Untold Stories of Perth examines themes of identity, discrimination, and prejudice, with the three 10-minute episodes already uploaded looking at the Ugly Men’s Association which raised money for returned soldiers, a colourful snake charmer, Italian and Chinese communities and the segregation of Aboriginal people.
The podcast was created by local broadcaster Barking Wolf Productions, using the council’s cultural collections such as oral histories.
City of Perth chair commissioner Andrew Hammond said the aim was to allow “some of Perth’s important but less publicised stories to emerge… Indigenous and multicultural stories were high on the list of those the city wanted to explore and make available.”
The first episode examines the Ugly Men’s Association and the amusement park White City it helped set up on the river foreshore, which was eventually shut down over concerns of immorality.
One of its most colourful attractions was snake charmer Rocky Vane, who used to let his reptilian stars bite him in order to promote the snake bite remedy he had on sale. Sadly, it proved ineffective when his wife was bitten during a show and she died.

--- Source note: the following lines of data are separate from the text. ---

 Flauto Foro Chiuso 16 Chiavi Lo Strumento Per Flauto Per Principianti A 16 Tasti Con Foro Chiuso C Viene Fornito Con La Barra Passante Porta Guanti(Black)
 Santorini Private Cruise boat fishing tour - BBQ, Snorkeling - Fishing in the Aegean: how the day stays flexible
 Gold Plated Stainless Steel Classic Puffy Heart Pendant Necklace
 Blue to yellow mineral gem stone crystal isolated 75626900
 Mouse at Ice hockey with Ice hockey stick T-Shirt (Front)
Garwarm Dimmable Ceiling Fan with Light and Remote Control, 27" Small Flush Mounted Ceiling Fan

Undeterred, he was back on stage almost immediately, but within a year his business partner was also killed during a performance and the authorities told poor Rocky it was time to pack up.
He put his snakes into a rowboat and dumped them on Carnac Island, and many believe the scaly infestation he caused haunts the island to this day.

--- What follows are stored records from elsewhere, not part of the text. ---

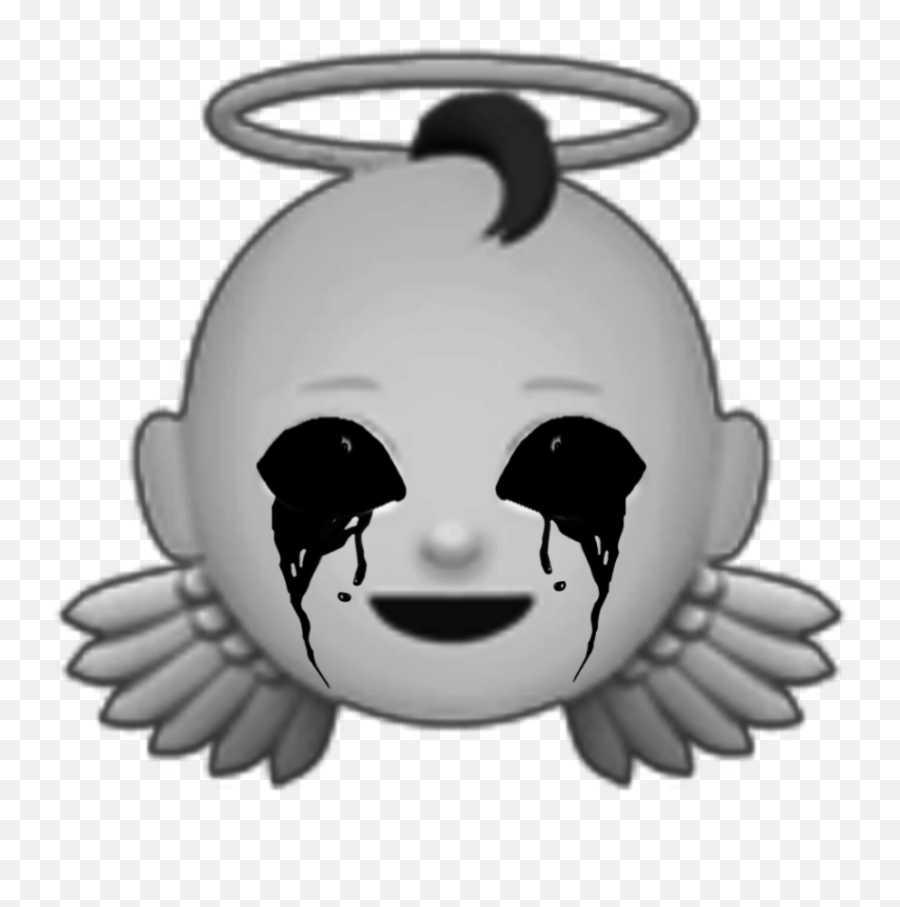 Blackgrayangelemojicryingbloodcreepysca - Illustration Emoji,Black Angel Emoji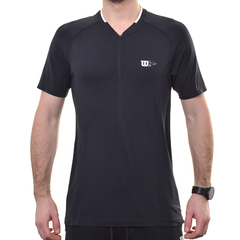 Поло теннисное Wilson Players Seamless Zip Henley 2.0 - black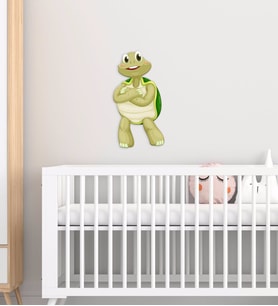 BK Gift Sevimli Kaplumbağa Tasarımlı Çocuk Odası Ahşap Duvar Süsü-2 (Beyaz)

The episode also addresses the moralistic streak which dominated city life at the time, and the rampant discrimination and segregation of the Perth Prohibited Area.
That segues neatly into episode 2; the Coolbaroo Club. It was a vibrant social community developed by Aboriginal people, including founding member Helena Clarke (nee Murphy) – who at the age of 18, defied discriminatory legislation by hitchhiking to Perth.
The third episode explores the lives of Perth’s early Italian and Chinese communities, and the tensions they felt living in a new community but trying to maintain cultural connection to their former homeland.
Researcher Steve Kinnane features in the podcast and is pleased with what the project has achieved.
“The City of Perth has been doing some amazing work in recent years, revealing the Noongar and wider Aboriginal histories of the city, and it’s a very mature and healing approach to our shared histories in WA,” Mr Kinnane said.
Comm’r Hammond says the podcasts have proved popular.
“The response to the podcasts has already shown the great depth of interest in these stories and this style of podcast in general. It’s important that these lesser known stories from Perth’s history – such as the Prohibited Area – are becoming better known.”
Untold Stories of Perth episodes can be found at: community.perth.wa.gov.au/historycentre/?page_id=2673.